When you save, you pay yourself. Depending on where you open a high-yield savings account, the bank or credit union will also pay you, too, with interest.

While most big banks are offering savings rates under 0.1 percent APY, many other high-yielding banks — often online banks — currently have savings accounts with rates over 4 percent APY and charge little to no fees.

You may also find that some savings accounts have tier-based interest rates, meaning you can qualify for higher rates with a greater account balance.

Features

You will likely have a range of saving needs. With that in mind, compare the functionality of different savings accounts.

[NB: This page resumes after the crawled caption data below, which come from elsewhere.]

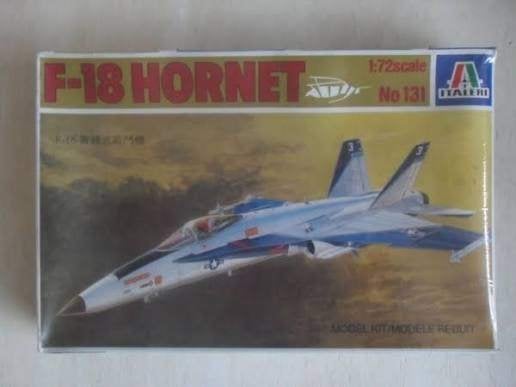 f-18 proto, 1:72 tot 1:144, Italeri, Ophalen of Verzenden, Zo goed als nieuw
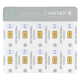 C.Hafner 10x 1g Minted Gold Bar SmartPack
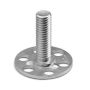 BIGHEAD M1 - Fixations avec goujon fileté tête ronde Ø 23 mm - INOX (M4x20) (sachet de 10)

For example, some banks offer the convenience of creating sub-savings accounts that can make a big difference with your mental accounting. One sub-account might be named “vacation fund” while another is “tuition fund.” This can help you distinguish between saving for different purposes.

Expert advice: How to maximize your savings account

Developing strong financial habits is key to getting the most out of your savings account. Here are some strategies to help you get started on your savings journey:

  • Make saving a routine: Automate the process to stay consistent. Ask your employer to directly deposit a portion of your paycheck into your savings account, or set up monthly transfers from your checking account. This “set-it-and-forget-it” approach ensures you will continue to save — without having to think about it again.
  • Save more early on: If you’re just starting out, saving at least 10 to 15 percent of your income — or more if your budget allows — can lay the groundwork for long-term financial success. As your earnings grow over your career, larger contributions and the power of compound interest will help your savings grow significantly.
  • Leverage unexpected savings opportunities: Look for ways to boost your savings when surprise cash comes your way, such as tax refunds, gifts or even small amounts saved from using coupons. Resisting the urge to spend unexpected money right away can play a key part in growing your savings account over time.
  • Reassess your savings goals regularly: Your savings needs change as you progress through life. For example, your emergency fund that covers six months of expenses will likely be much lower when you’re a single 20-something compared to when you’re 55 with kids in college. The target for your savings will always be moving. Make sure you’re adjusting your strategy to maintain the cushion you need to cover any unplanned costs.

Frequently asked questions (FAQs)

Can I open just a savings account?

Yes, you can generally open a savings account without any additional bank accounts. However, having additional bank accounts, such as a checking account (even if it’s at a different bank), will make funding your savings account easier.

What types of savings accounts are available?

The two most common types of savings accounts available are traditional savings accounts and high-yield savings accounts. Traditional savings accounts, typically offered by big-name brick-and-mortar banks, often pay you a fraction of a percent in interest on your money. High-yield savings accounts, on the other hand, are usually offered by online banks and financial institutions, which can offer you higher interest rates.

Is there a minimum deposit required to open a savings account?

The typical minimum deposit required to open a savings account is between $25 and $100, but a lot of banks and financial institutions don’t have this requirement at all. However, it’s worth noting that you may have to maintain certain balance requirements on your savings account to avoid fees and earn the best interest rates.

Will opening a savings account affect my credit score?

Opening a savings account should not affect your credit score. Since you are not borrowing money, the bank does not need to pull your credit report.

Bottom line

Opening a savings account doesn’t require much work whether it’s an online or traditional bank account, as long as you come to your local branch with documents prepared or have them ready to upload or enter if applying online. What typically requires more work is the research you put into finding the right account. But it pays to find the best savings account to suit your needs and earn an attractive rate.